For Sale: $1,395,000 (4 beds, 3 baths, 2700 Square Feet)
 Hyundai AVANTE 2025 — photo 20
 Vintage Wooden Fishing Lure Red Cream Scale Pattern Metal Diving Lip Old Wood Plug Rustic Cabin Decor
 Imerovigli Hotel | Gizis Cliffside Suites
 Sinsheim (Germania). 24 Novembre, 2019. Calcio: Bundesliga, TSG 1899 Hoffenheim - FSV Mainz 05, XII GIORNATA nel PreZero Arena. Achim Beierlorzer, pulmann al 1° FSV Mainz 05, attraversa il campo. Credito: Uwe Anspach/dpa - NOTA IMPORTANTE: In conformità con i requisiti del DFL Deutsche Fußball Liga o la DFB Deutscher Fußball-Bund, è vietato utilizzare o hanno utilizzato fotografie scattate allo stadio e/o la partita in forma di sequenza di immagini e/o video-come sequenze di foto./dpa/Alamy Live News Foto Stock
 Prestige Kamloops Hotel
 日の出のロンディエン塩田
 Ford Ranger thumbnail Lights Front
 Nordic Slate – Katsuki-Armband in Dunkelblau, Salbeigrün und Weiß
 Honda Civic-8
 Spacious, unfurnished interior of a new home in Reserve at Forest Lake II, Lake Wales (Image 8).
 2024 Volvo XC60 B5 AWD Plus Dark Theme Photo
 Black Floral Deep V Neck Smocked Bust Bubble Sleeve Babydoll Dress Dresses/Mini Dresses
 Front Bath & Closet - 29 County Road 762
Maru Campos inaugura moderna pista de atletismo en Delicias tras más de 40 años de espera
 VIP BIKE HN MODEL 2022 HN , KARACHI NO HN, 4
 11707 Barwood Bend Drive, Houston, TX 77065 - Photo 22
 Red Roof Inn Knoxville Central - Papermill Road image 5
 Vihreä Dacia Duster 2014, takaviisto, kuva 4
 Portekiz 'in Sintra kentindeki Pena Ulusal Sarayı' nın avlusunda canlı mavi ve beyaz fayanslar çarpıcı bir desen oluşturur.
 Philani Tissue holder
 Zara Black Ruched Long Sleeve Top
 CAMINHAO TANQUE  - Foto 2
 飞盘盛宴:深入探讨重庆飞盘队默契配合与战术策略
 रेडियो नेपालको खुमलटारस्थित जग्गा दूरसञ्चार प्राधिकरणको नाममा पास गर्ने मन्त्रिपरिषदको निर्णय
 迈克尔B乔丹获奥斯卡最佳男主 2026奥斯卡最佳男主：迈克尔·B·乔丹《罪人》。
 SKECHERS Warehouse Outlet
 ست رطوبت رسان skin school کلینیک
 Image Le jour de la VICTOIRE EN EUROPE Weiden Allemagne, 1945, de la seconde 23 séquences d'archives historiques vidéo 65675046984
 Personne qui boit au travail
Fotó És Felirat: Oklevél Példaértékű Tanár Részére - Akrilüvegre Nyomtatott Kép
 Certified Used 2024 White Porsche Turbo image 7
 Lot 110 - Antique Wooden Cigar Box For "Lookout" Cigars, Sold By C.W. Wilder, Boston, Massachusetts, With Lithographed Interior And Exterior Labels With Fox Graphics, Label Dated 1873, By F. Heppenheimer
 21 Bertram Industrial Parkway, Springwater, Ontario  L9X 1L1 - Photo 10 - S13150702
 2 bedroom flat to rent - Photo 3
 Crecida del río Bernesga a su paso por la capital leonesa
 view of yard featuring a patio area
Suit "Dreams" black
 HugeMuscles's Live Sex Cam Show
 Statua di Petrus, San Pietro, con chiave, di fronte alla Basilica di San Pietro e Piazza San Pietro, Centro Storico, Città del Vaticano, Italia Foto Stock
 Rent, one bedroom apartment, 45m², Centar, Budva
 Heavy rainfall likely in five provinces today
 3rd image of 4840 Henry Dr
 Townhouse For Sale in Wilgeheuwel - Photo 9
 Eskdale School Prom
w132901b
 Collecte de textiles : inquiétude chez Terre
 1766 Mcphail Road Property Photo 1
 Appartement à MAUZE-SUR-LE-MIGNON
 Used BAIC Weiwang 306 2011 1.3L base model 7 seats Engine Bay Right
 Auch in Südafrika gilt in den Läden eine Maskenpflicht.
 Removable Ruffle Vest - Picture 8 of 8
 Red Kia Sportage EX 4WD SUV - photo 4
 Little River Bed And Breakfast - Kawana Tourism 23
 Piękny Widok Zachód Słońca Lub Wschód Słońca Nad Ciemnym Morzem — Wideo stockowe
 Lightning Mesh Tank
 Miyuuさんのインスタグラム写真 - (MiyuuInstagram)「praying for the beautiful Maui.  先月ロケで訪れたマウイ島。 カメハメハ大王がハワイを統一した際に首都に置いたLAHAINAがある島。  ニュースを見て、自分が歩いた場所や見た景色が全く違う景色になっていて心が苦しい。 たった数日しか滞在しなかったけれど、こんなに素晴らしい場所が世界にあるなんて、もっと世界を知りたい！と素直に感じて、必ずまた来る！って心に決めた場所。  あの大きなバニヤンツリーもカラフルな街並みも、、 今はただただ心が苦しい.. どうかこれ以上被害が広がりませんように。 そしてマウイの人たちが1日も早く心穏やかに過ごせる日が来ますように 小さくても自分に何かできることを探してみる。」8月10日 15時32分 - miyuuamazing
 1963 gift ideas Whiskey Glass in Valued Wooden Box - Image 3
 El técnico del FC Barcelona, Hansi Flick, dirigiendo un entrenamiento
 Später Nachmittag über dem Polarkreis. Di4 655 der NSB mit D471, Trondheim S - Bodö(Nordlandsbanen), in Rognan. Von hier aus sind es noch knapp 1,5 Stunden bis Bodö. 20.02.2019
════
Exercise:
Reply with one number only, the count of lines above that hold the string "Live".

Response to the task:
2